- **Stored data**:
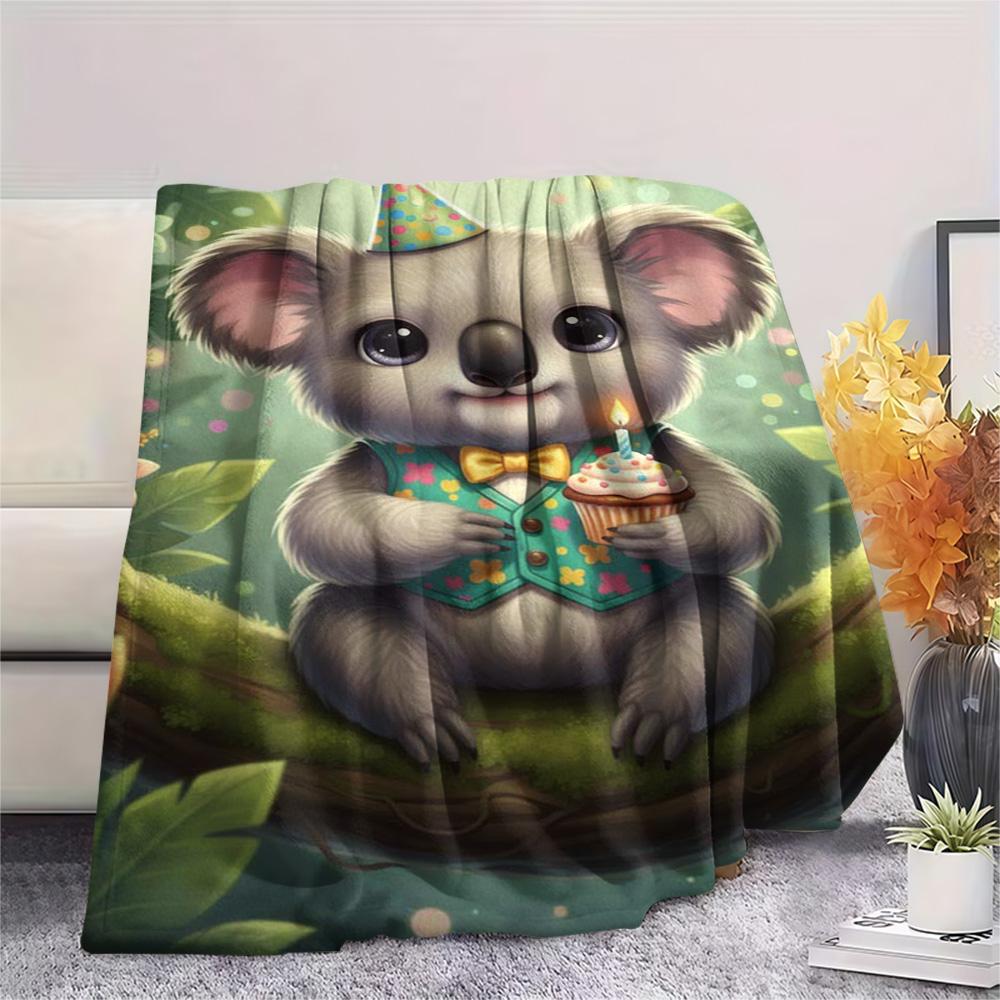 1PC Retro-style animals Print FlAannel Blanket, High quality Comfortable for All Seasons, Home Decor, Warmth and Comfort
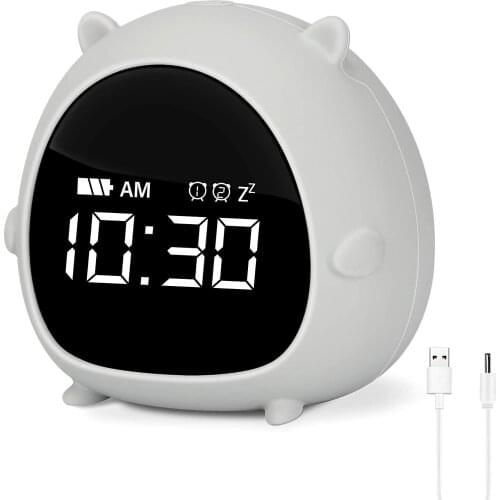 Kids Alarm Clock Cute Digital Alarm Clock for Kids, Rechargeable Kids Clock with Timer Voice Control and Snooze Function
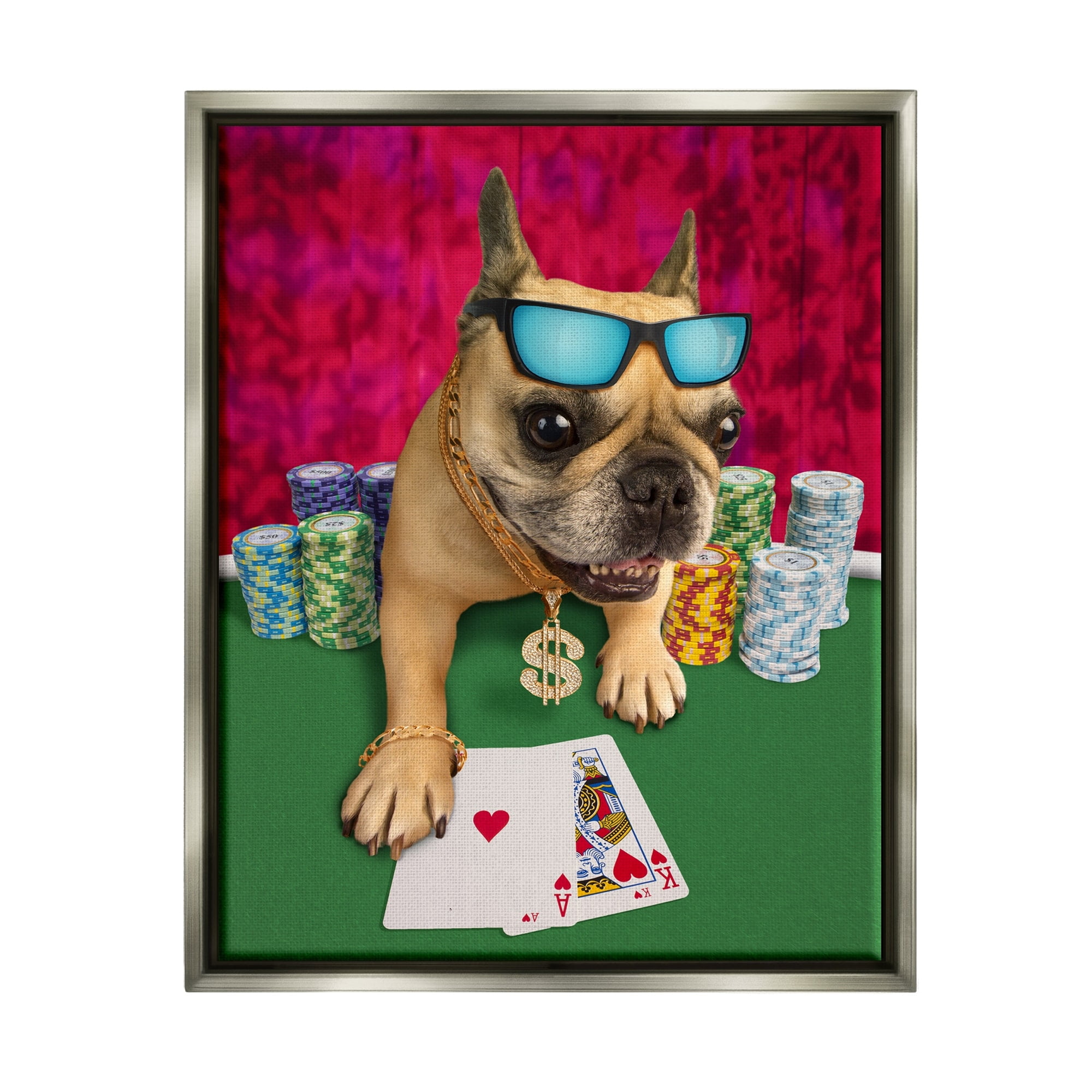 Stupell Industries Cool French Bulldog Gambling Casino Poker Chips Graphic Art Luster Gray Floating Framed Canvas Print Wall Art, Design by Michael Quackenbush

- **Description of the task**:
Write every line above again exactly, but leave the pictures out.

- **Response to this task**:
 1PC Retro-style animals Print FlAannel Blanket, High quality Comfortable for All Seasons, Home Decor, Warmth and Comfort
 Kids Alarm Clock Cute Digital Alarm Clock for Kids, Rechargeable Kids Clock with Timer Voice Control and Snooze Function
 Stupell Industries Cool French Bulldog Gambling Casino Poker Chips Graphic Art Luster Gray Floating Framed Canvas Print Wall Art, Design by Michael Quackenbush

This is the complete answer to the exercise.